One of the standout features of Xilinx 8.2i is its enhanced design entry capabilities. This version supports multiple design entry methods, including schematic entry, VHDL, and Verilog HDL, giving engineers the flexibility to choose their preferred approach. The integrated environment provides user-friendly graphical interfaces, making it accessible for both novice and experienced users.

Xilinx 8.2i's synthesis tools have been improved to enable more efficient design compilation and optimization. The new algorithms used in this version facilitate faster synthesis times while reducing power consumption and improving performance. Furthermore, it features support for advanced FPGA architectures, which allows for the implementation of more complex designs with greater efficiency.

The implementation tools in Xilinx 8.2i include advanced place and route capabilities, utilizing state-of-the-art algorithms for optimized resource usage. These tools enable designers to make better use of FPGA resources, ensuring that designs fit within the constraints of the target device while maximizing performance.

Another key characteristic of Xilinx 8.2i is its extensive support for various Xilinx devices such as the Spartan, Virtex, and CoolRunner series. This compatibility ensures that developers can leverage the powerful features of these FPGA families, including high-speed transceivers and DSP slices.

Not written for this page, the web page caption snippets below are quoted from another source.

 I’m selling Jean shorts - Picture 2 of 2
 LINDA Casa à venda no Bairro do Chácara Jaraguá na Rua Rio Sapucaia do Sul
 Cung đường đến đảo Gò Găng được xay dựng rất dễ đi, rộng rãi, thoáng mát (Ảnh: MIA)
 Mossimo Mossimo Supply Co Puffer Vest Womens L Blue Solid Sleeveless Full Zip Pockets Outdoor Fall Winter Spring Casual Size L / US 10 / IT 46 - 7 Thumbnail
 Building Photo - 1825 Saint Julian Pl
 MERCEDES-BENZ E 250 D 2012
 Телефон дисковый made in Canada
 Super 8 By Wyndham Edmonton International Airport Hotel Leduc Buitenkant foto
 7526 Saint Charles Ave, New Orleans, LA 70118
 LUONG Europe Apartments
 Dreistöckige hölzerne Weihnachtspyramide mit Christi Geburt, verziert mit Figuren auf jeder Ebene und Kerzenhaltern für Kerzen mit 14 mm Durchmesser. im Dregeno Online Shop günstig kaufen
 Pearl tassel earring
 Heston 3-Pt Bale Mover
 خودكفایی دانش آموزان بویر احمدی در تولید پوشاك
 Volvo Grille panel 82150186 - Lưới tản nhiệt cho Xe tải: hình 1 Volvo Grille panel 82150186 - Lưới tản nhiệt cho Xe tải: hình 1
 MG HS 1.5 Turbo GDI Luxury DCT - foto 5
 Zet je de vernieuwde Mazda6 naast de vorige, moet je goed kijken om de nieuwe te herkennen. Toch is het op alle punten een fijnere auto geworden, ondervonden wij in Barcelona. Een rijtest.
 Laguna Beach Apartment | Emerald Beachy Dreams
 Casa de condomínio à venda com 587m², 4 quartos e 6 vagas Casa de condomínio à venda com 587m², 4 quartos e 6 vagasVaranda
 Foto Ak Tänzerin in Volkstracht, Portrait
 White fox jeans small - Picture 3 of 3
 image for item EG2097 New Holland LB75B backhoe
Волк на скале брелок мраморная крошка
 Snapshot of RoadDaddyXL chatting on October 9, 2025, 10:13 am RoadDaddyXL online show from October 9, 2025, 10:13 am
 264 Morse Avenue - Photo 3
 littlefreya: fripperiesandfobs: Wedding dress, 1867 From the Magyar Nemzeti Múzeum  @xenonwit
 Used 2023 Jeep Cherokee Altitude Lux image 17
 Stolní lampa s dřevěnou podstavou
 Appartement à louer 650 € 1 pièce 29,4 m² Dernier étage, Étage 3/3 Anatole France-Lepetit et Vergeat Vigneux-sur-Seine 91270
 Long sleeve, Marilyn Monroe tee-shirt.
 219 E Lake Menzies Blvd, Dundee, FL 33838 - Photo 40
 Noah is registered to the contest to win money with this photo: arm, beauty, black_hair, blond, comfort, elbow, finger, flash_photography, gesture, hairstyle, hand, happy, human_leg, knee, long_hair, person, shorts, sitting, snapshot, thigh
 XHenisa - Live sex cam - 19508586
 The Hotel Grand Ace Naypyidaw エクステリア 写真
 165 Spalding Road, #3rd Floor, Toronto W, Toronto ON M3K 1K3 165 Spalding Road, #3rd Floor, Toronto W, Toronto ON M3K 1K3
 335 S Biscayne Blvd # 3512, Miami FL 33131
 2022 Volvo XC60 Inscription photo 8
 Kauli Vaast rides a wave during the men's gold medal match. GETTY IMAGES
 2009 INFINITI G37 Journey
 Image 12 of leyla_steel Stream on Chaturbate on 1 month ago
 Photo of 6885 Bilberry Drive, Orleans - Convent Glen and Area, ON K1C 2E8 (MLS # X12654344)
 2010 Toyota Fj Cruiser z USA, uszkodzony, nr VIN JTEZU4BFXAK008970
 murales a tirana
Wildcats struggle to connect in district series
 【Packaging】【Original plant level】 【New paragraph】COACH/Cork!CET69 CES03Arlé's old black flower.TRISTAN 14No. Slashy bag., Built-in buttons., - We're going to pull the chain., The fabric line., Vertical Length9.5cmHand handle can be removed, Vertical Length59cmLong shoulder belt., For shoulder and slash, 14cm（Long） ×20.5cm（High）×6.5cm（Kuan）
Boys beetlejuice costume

Xilinx 8.2i also places a strong emphasis on simulation and verification. The version integrates with various simulation tools, allowing for thorough testing of the designs before implementation. This reduces the risk of errors and ensures that the final product meets specifications.

In addition, this version includes support for design constraints, enabling engineers to specify timing, area, and other critical design parameters. By accommodating constraints, Xilinx 8.2i helps in achieving reliable and efficient designs tailored to project needs.

In summary, Xilinx 8.2i is a robust software development tool that enhances the design process for FPGAs. Its comprehensive features, including multiple design entry options, advanced synthesis and implementation tools, extensive device support, and strong simulation capabilities, make it a valuable resource for engineers and developers striving for innovation in digital design.